Within the entries below, please retype exactly the lines starting with the line that has "Item preview, Printed" and going on through the line that has "Baby Boy Javi", but not the pictures.

_Supplied information_.
++++++++

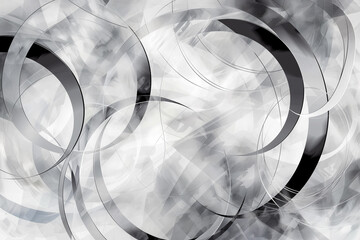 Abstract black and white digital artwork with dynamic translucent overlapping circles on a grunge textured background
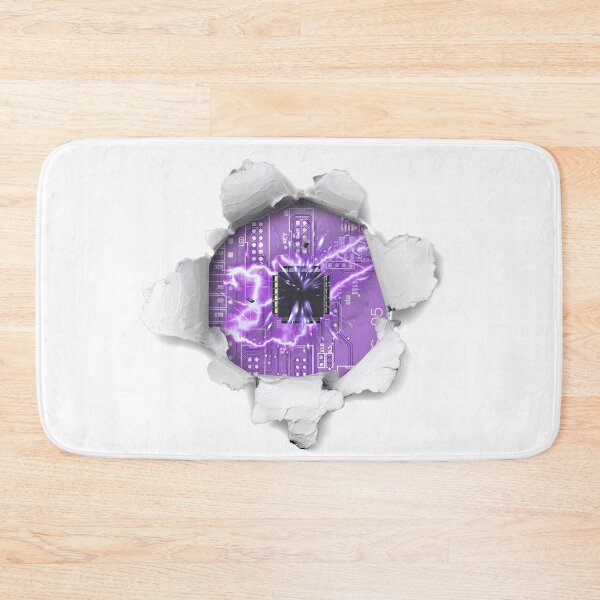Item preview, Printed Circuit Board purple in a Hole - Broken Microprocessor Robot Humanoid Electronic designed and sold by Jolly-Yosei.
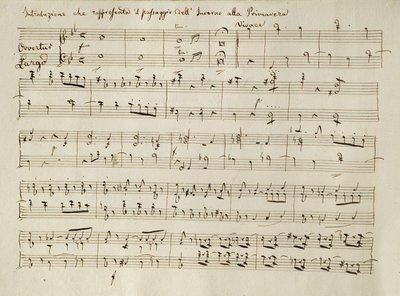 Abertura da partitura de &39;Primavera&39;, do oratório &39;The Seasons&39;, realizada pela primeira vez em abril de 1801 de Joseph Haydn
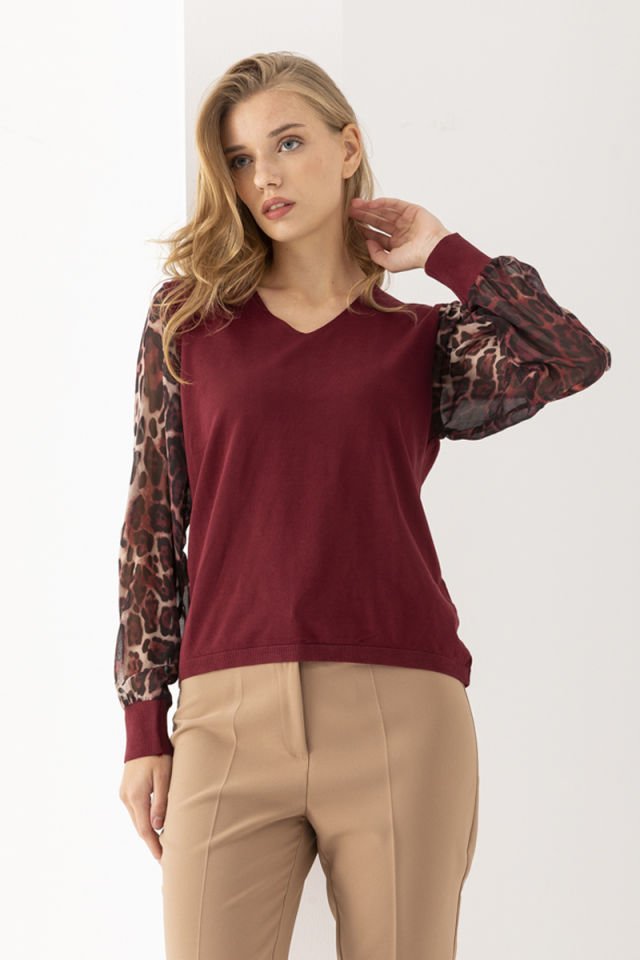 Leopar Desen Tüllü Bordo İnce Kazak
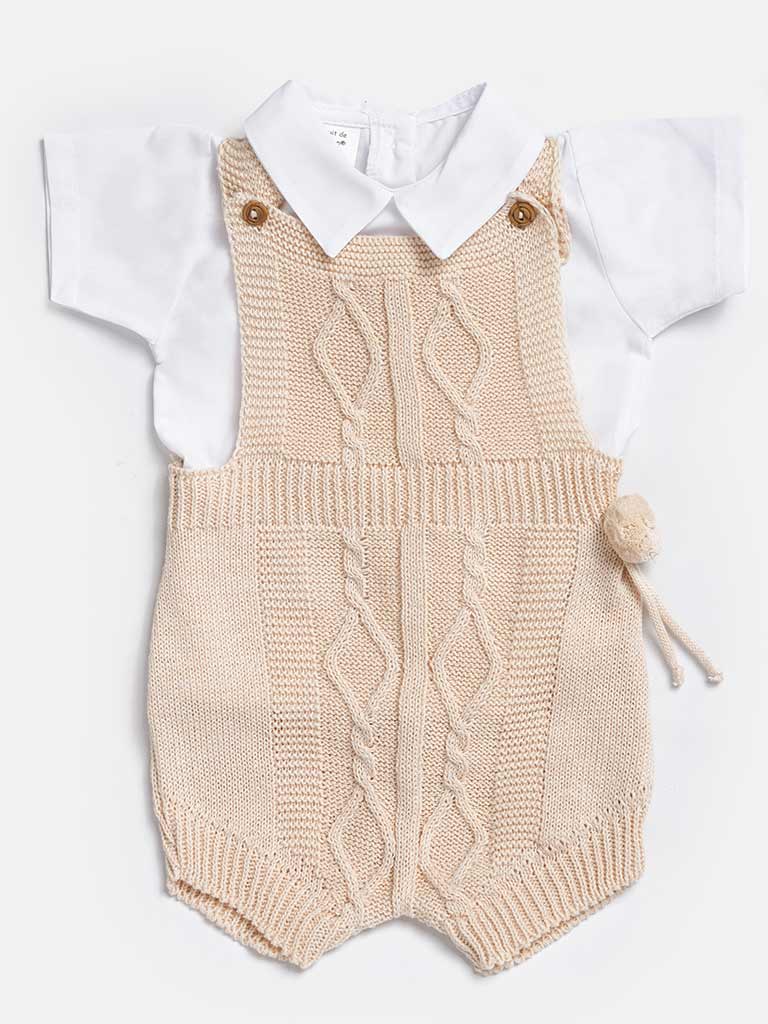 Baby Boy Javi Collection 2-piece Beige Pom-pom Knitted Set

++++++++

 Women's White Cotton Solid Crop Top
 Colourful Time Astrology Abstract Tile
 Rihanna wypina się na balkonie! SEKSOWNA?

++++++++

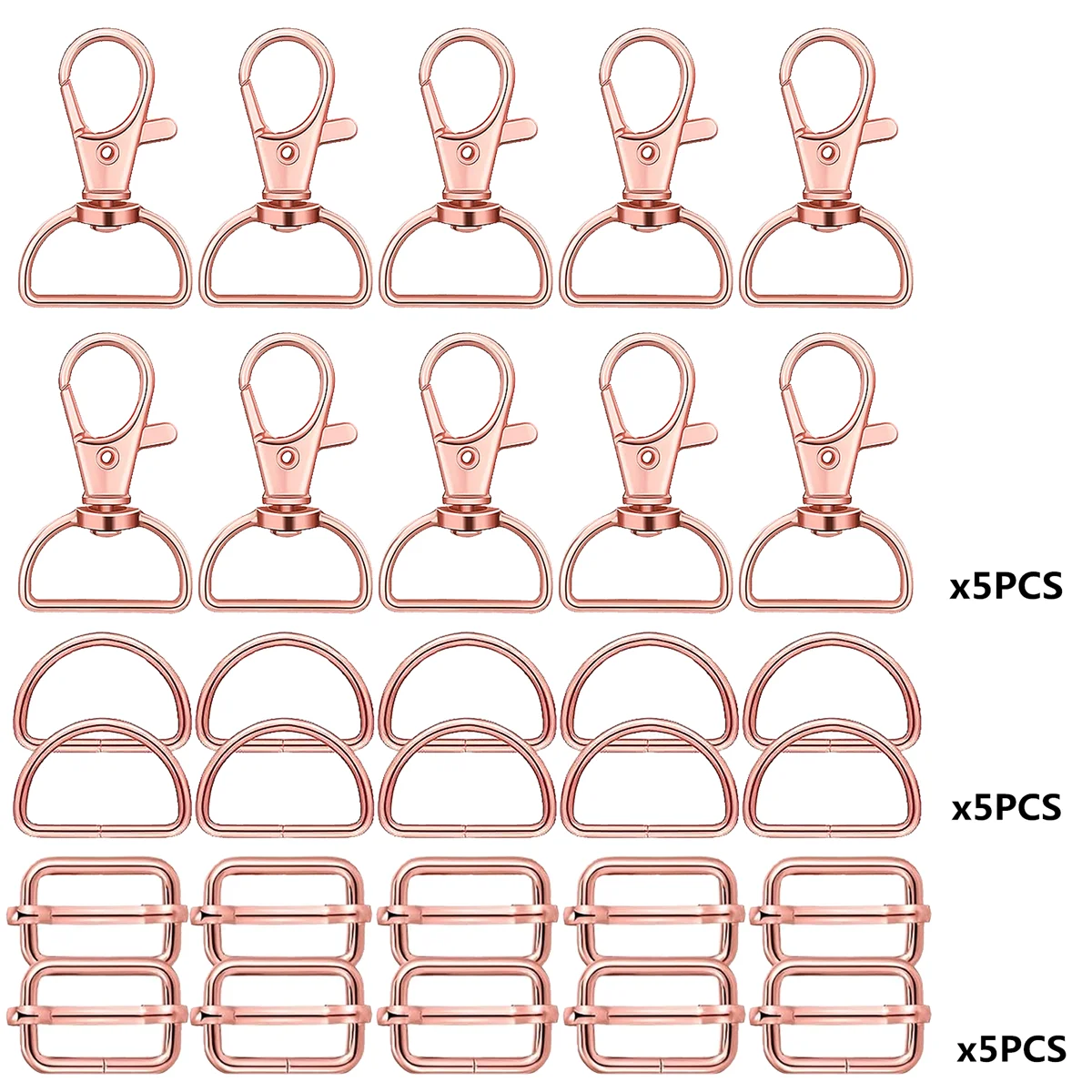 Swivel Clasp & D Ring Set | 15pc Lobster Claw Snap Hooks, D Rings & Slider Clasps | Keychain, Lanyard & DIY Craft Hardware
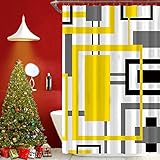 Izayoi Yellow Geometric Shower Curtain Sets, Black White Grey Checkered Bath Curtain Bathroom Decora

++++++++

_Result of the exercise_.
Item preview, Printed Circuit Board purple in a Hole - Broken Microprocessor Robot Humanoid Electronic designed and sold by Jolly-Yosei.
 Abertura da partitura de &39;Primavera&39;, do oratório &39;The Seasons&39;, realizada pela primeira vez em abril de 1801 de Joseph Haydn
 Leopar Desen Tüllü Bordo İnce Kazak
 Baby Boy Javi Collection 2-piece Beige Pom-pom Knitted Set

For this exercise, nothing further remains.